No artigo 7º, e no âmbito dos deveres militares, entre outras coisas é estabelecido o compromisso dos signatários da convenção introduzirem em tempos de paz nos regulamentos e formação das forças armadas, orientações que promovam o respeito pela cultura e bens culturais de todos os povos – não só ao nível das formações que surgem ministradas pela Academia Militar esta realidade parece ser inexistente, como olhando para os objectivos da Direcção de História e Cultura Militar do Exército, se percebe que o foco se encontra noutro lado, no “fortalecimento dos valores colectivos de Pátria e Nação”, (objectivo que me parece bem distante do definido no texto da convenção…).


Mas se é um facto que o documento se encontra repleto de artigos de aplicação duvidosa (ou mesmo no domínio da utopia), existe uma ideia contida no mesmo (sem grande destaque e que se encontra reflectida no parágrafo anterior), que me parece ser uma das mais poderosas armas para prevenir a guerra, e para garantir em situações limites como a que vivemos que uma parte significativa da memória, identidade e cultura dos povos não fique irremediavelmente perdida: a educação patrimonial.

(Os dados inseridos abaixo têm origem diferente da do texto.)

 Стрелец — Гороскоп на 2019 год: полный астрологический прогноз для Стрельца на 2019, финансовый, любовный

Este tema que já foi muitas vezes abordado em artigos de opinião na patrimonio.pt, e que existe enquanto conceito desde o início do século XX, continua ainda a ser bastante negligenciado nos sistemas de ensino e no seio de muitas instituições que têm responsabilidades na preservação e protecção do património cultural. Para além disso, torna-se ainda mais evidente, e partindo desta aspiração contida no documento (ainda que para as forças armadas), a importância de museus, monumentos e sítios terem serviços educativos activos, dinâmicos e dotados dos recursos humanos necessários (uma vez que são os espaços por excelência para a educação patrimonial), e a justa pertinência das reivindicações que os seus profissionais vêm fazendo há já muitos anos, relativamente à necessidade da existência de condições que permitam cumprir esses pressupostos.

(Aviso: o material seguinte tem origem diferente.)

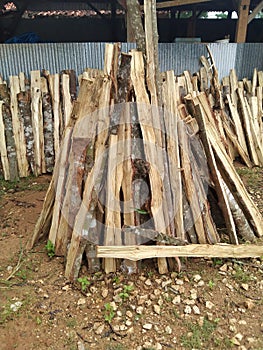 drying firewood in the yard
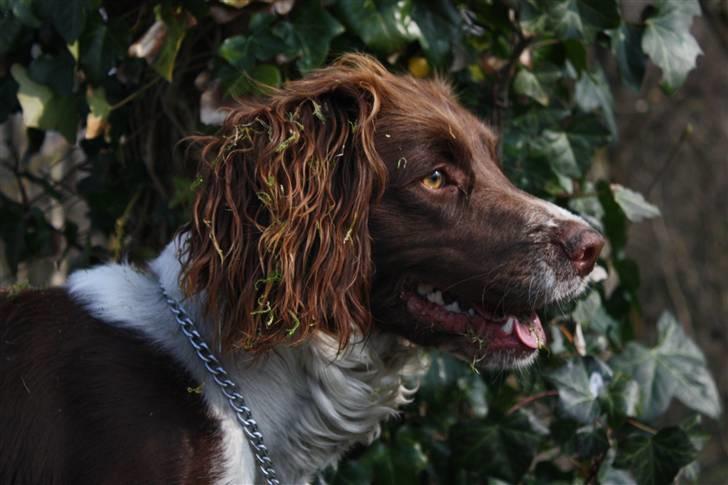 Field Trial spaniel Nougat billede 19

Decorrido mais de um mês do início da guerra, reforcei a minha convicção, que surge expressa no título deste texto (retirado de um artigo de opinião da autoria de António Guerreiro publicado no jornal Público em 11 de Março), que tudo o que promove o desenvolvimento da cultura, trabalha também contra a guerra.



Apesar de pouco valorizado pelas sociedades, o património e os profissionais que nele trabalham (directa e indirectamente) têm uma enorme relevância social, sendo produtores de conhecimento e potenciadores de pontes entre diferentes realidades históricas e culturais.


Sei que trabalhar na área da cultura é um desafio constante, onde muitas vezes nos questionamos se vale a pena o esforço hercúleo que é necessário para nos mantermos profissionalmente na mesma. Mas apesar de tudo isso, momentos como o que vivemos fazem-nos perceber que estamos do lado certo, que trabalhamos para sociedades melhores, e que a solução para os problemas que o mundo enfrenta também passa por nós e pelo trabalho que realizamos.